Everything below from the line with "Izzy Dress - White" through the line with "Tropical Surfer Paradise Poster" must be retyped exactly, except the pictures.

- _Data in this exercise_

* * *

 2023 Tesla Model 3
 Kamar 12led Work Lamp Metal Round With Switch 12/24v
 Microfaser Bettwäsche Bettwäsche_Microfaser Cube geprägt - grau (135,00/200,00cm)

* * *

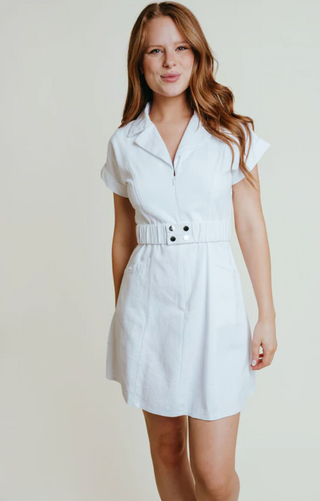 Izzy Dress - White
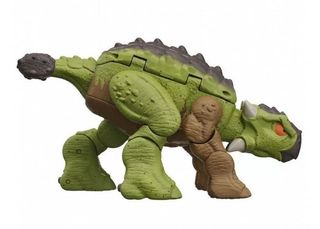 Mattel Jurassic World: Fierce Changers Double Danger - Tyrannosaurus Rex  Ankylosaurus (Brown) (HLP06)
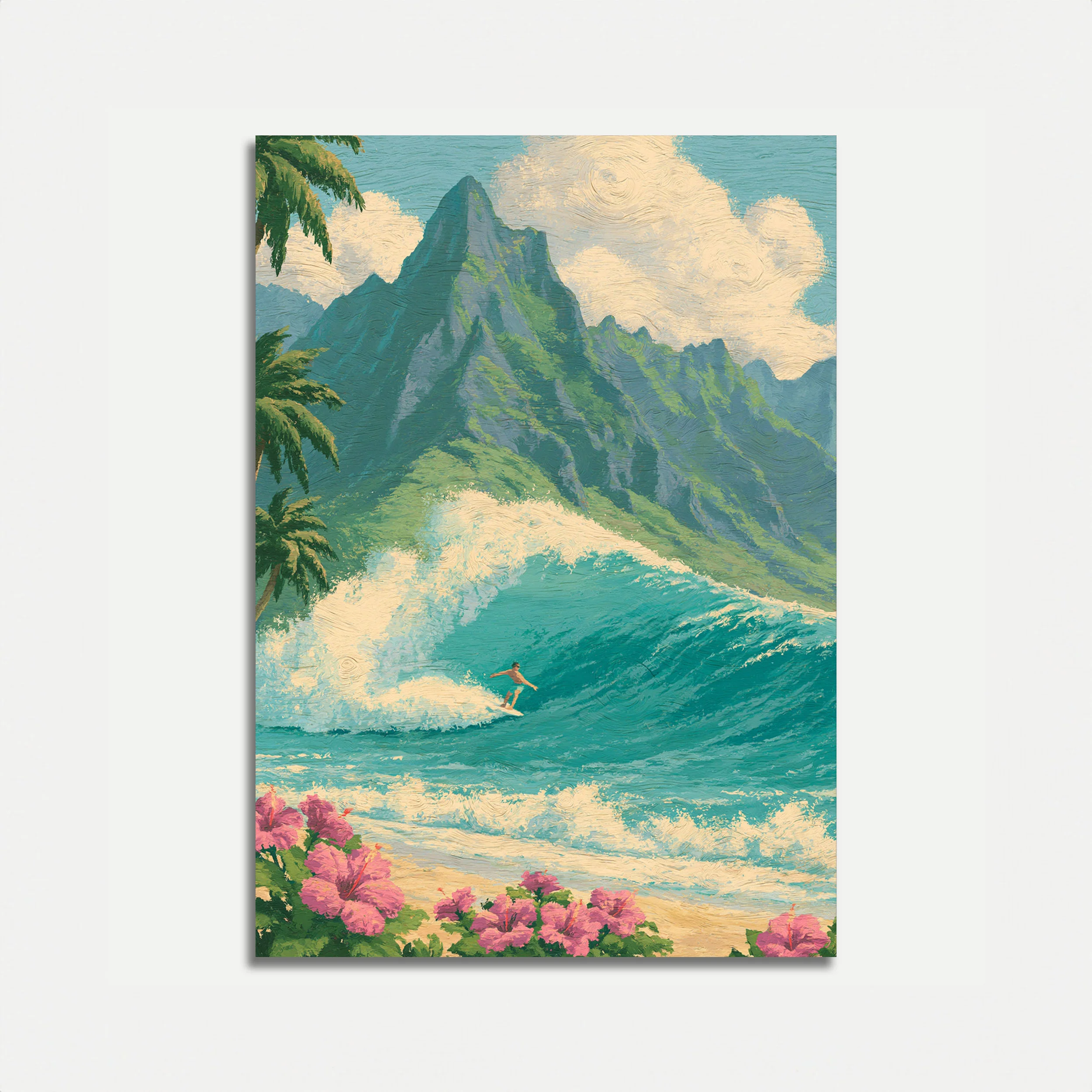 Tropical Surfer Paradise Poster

* * *

- _Answer to this task_
 Izzy Dress - White
 Mattel Jurassic World: Fierce Changers Double Danger - Tyrannosaurus Rex  Ankylosaurus (Brown) (HLP06)
 Tropical Surfer Paradise Poster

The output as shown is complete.